10. Propagative Material Panel

The panel will complete the standard on plants for planting.

11. Standards Panel

The panel will continue to provide updates on standards for the NAPPO newsletter, coordinate the review of new and amended NAPPO standards and ensure that comments received during the country consultation phase are incorporated as appropriate, organize conference calls and prepare NAPPO discussion documents for possible use at the IPPC, and promote implementation of recently adopted standards.

The PPQ Deputy Administrator, as the official U.S. delegate to NAPPO, intends to participate in the adoption of these regional plant health standards, including the work described above, once they are completed and ready for such consideration.

The information in this notice includes all the information available to us on NAPPO standards currently under development or consideration.
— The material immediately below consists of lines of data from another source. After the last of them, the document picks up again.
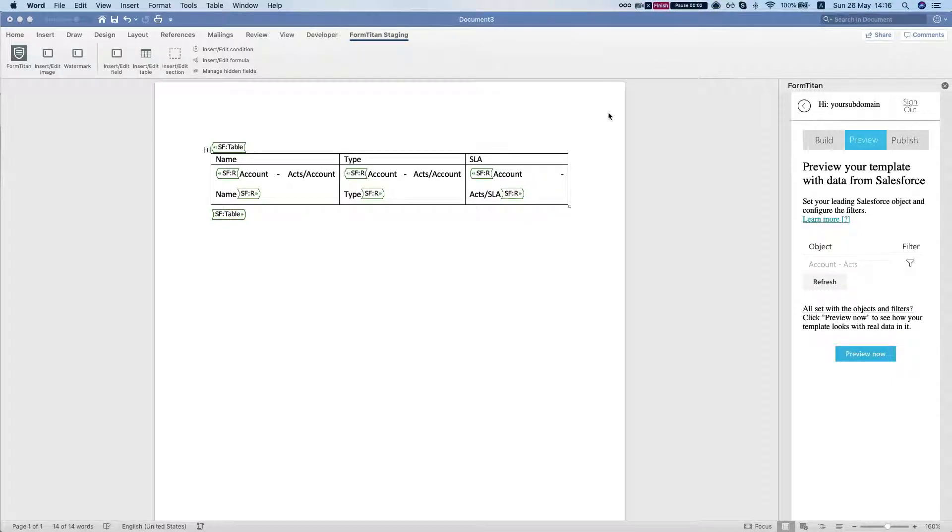Hey Titans! In this video I'll show you how to set the cell condition on your Salesforce dynamic table using the Form Titan editor.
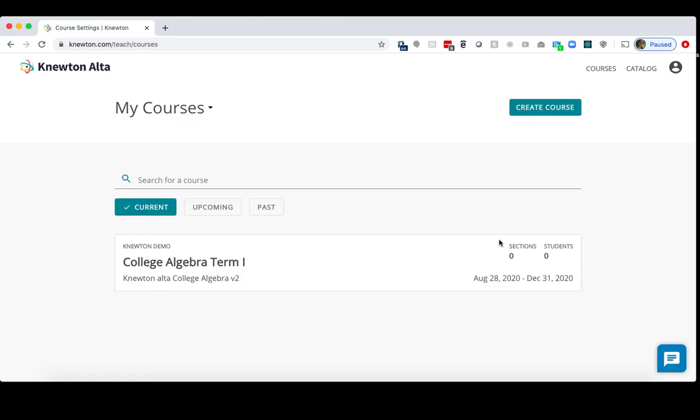In this video, I'll show how to copy a course in Knewton Alta as well as copy a course in Canvas. You may wish to copy a course if you plan on using the same assignments and assessments in your course outline from one semester to the next.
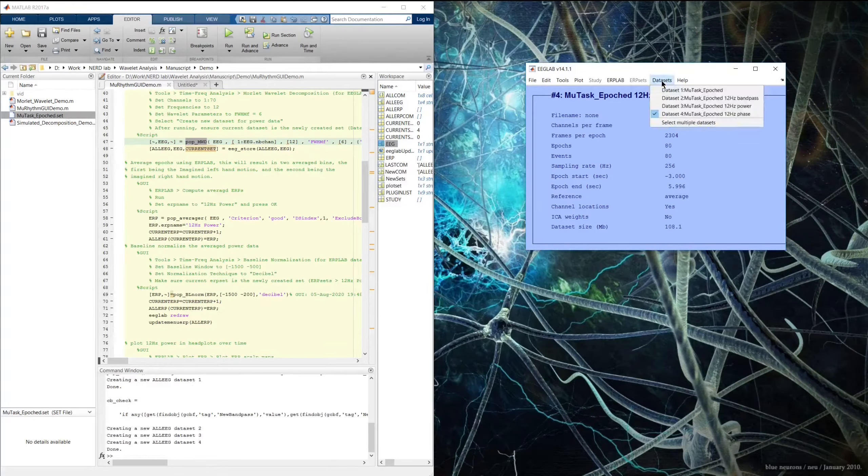I'm going to convert to decibels and press OK. Now we have a new ERP set named '12hz decibel,' and we've actually already calculated the mu rhythm ERD — all that's left is to plot it. ERPLAB has great plotting functions for averaged bin data. I'll use Plot ERP Scalp Map to get a visualization of the mu rhythm ERD over the head and over time, plotting from negative 500 milliseconds in 500 millisecond increments to 4 seconds in. I'll select none for baseline correction since we've already baseline corrected to decibels, switch to map view, and set the range to negative 6 to positive 6 decibels.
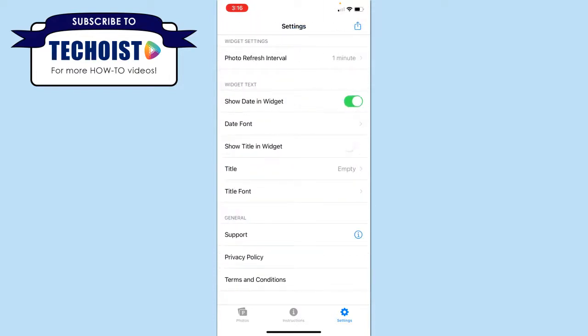You can choose to show the date in the widget of when the photo was taken. If you don't want it to show, you can just unselect the toggle. If your photos have titles, you can also select to show the title in the widget. And for both of these options, you can choose the font and style of the text.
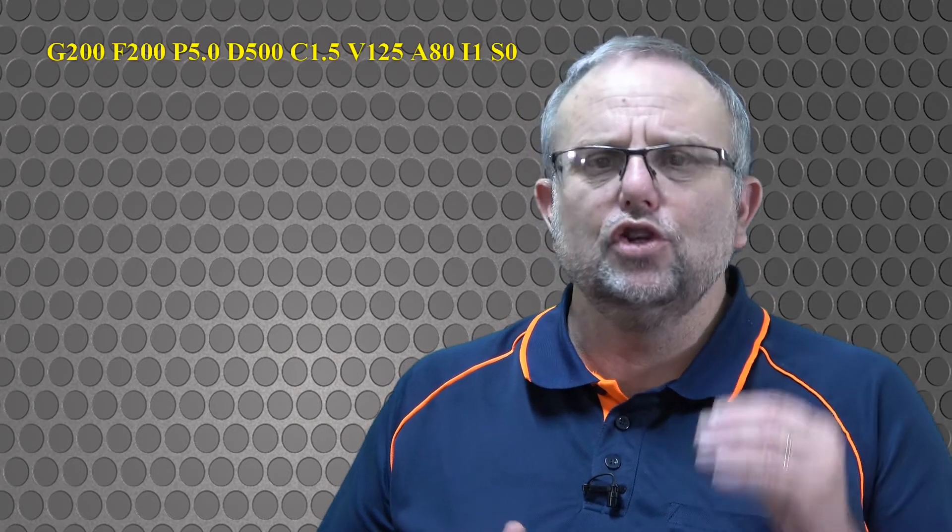On MASSO G3 and MASSO Touch, we've introduced the G200 G-code. At the start of the file, you add a G200 and in there you put the parameters that will automate the entire process and more.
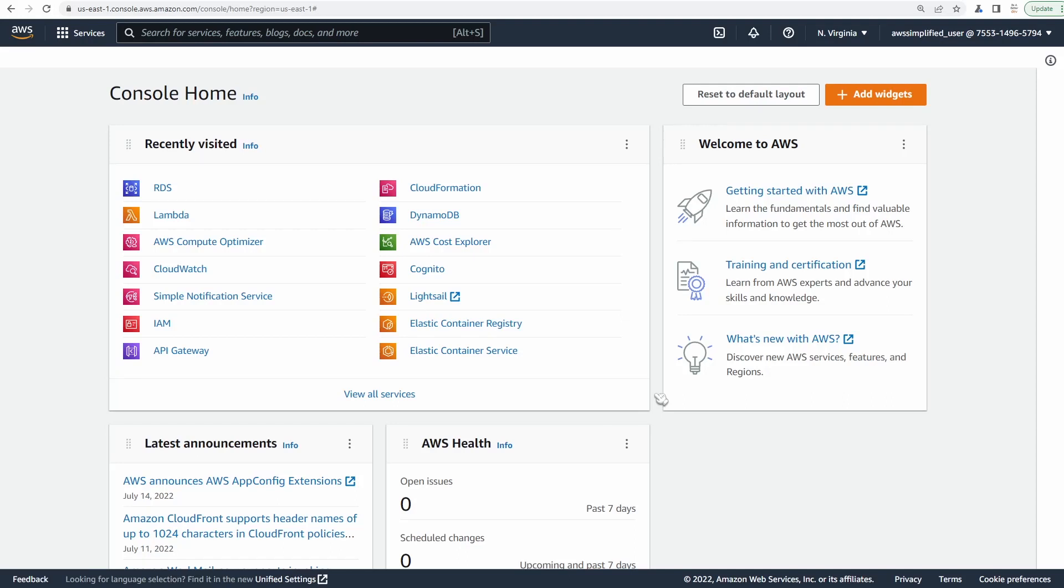Hello everyone. In this video, we'll be creating an Aurora Serverless V2 Postgres database. I'll walk you through how to configure it with a reader instance and how to access it via pgadmin.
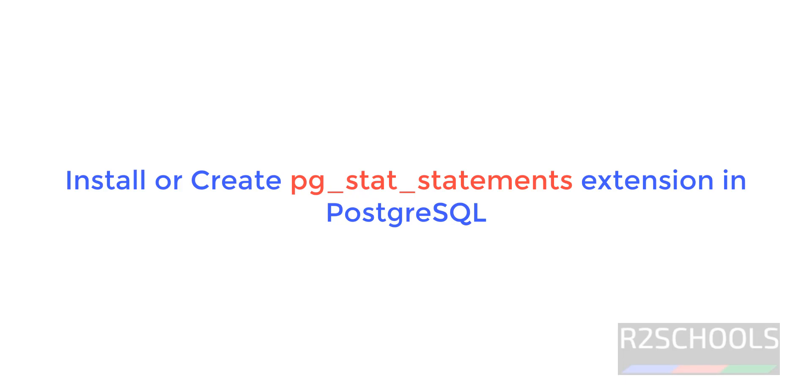Hello guys, in this video we will see how to install or create pg-stat-statements extension.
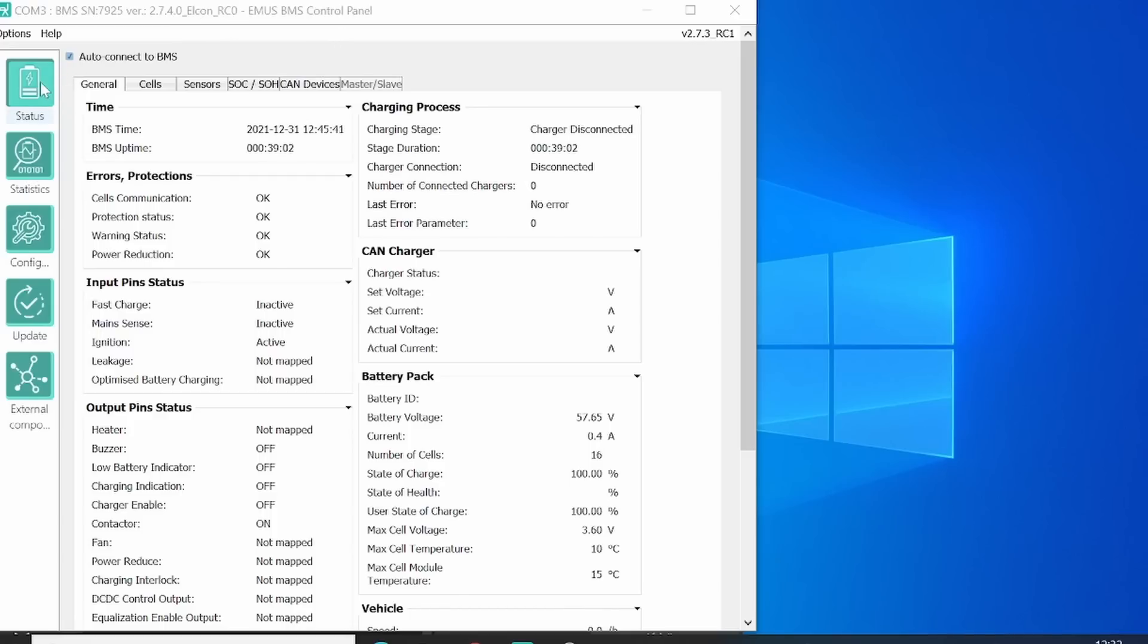You have a status part, at which you can see all the live data of the BMS. This is useful for troubleshooting. You have some statistics, at which you can see the history of the BMS.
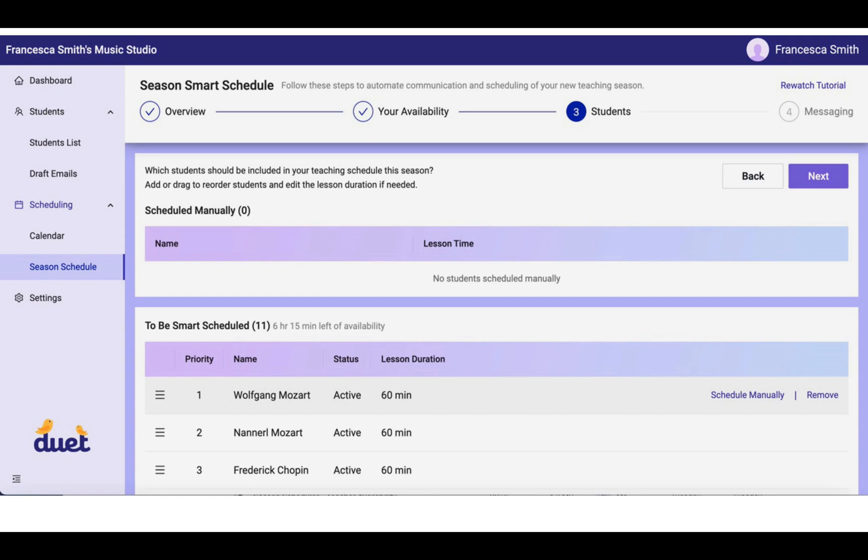In the third step in the setup process, you will be asked which students you want to include in your SMART schedule. Now this screen is going to require some time and attention from you. It defaults to include all of your active students in the To Be Smart Scheduled section. You'll see that in this case, I have 11 students in this section.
For updates on meeting times and for information on the working panels that may become available following publication of this notice, check the NAPPO Web site on the Internet at http://www.nappo.org or contact Ms. Julie E. Aliaga (see FOR FURTHER INFORMATION CONTACT above). Information on official U.S. participation in NAPPO activities, including U.S. positions on standards being considered, may also be obtained from Ms. Aliaga. Those wishing to provide comments on any of the topics being addressed by any of the NAPPO panels may do so at any time by responding to this notice (see ADDRESSES above) or by transmitting comments through Ms. Aliaga.

Start Signature

Done in Washington, DC, this 10th day of October 2006.

Kevin Shea,

Acting Administrator, Animal and Plant Health Inspection Service.